Re : Scared --- barbara hanratty
Posted by Shirley-Arkansas-USA ® , Sep 08,2001,21:27 Top of Thread Archive
Hi Barbara,
I, too, enjoyed shopping by myself. It was always kind of relaxing and just a fun thing to do. It's been a very long time since I have done that. Sometimes I think that I could get there, but then I think, how long should I stay. Thirty minutes, an hour, then I have to drive home. What happens if I start having problems after I get into the store or the mall? Do I risk driving myself home or do I call somebody? That's why I haven't even attempted it in over 2 years. The independence has been taken away in that respect. I don't want to hurt anyone either. It is sad and I still get sad about it but it doesn't bother me as much as it used to.

The things that still really bother me and that I still grieve over are things that I would like to do for my family or plan to do and then can't. Those things still slap me in the face at times and really make me feel sorry for myself.
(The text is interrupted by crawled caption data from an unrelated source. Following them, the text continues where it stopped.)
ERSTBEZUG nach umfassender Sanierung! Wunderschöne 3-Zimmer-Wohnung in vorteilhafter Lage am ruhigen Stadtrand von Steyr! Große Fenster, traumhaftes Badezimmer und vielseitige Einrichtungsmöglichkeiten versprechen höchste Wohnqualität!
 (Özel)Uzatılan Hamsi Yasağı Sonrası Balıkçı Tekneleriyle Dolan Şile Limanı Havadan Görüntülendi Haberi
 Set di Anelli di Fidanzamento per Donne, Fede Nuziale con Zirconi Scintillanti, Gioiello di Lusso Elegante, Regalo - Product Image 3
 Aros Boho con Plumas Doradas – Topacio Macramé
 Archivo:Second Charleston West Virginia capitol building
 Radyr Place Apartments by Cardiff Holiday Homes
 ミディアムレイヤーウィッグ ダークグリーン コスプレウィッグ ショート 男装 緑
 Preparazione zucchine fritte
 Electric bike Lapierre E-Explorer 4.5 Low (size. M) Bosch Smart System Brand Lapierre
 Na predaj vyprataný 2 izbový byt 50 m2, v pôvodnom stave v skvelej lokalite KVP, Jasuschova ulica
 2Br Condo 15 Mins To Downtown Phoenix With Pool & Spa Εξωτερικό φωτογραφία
I'm glad that you felt like you could come here and write it down. We really do understand and there will always be someone here for you. You are allowed to have pity parties.

I've really had a hard time the past two Christmases as I used to love to go buy things for my family-little surprises-just by shopping and seeing something that reminded me of them or something funny or crazy. That was my Christmas present to myself. I have grieved over that the past two years. Things do change but for what ever reason it does seem to get easier-or at least it has for me.

Hang in there and talk to us. We all love to share our feelings about things.

Shirley in AR.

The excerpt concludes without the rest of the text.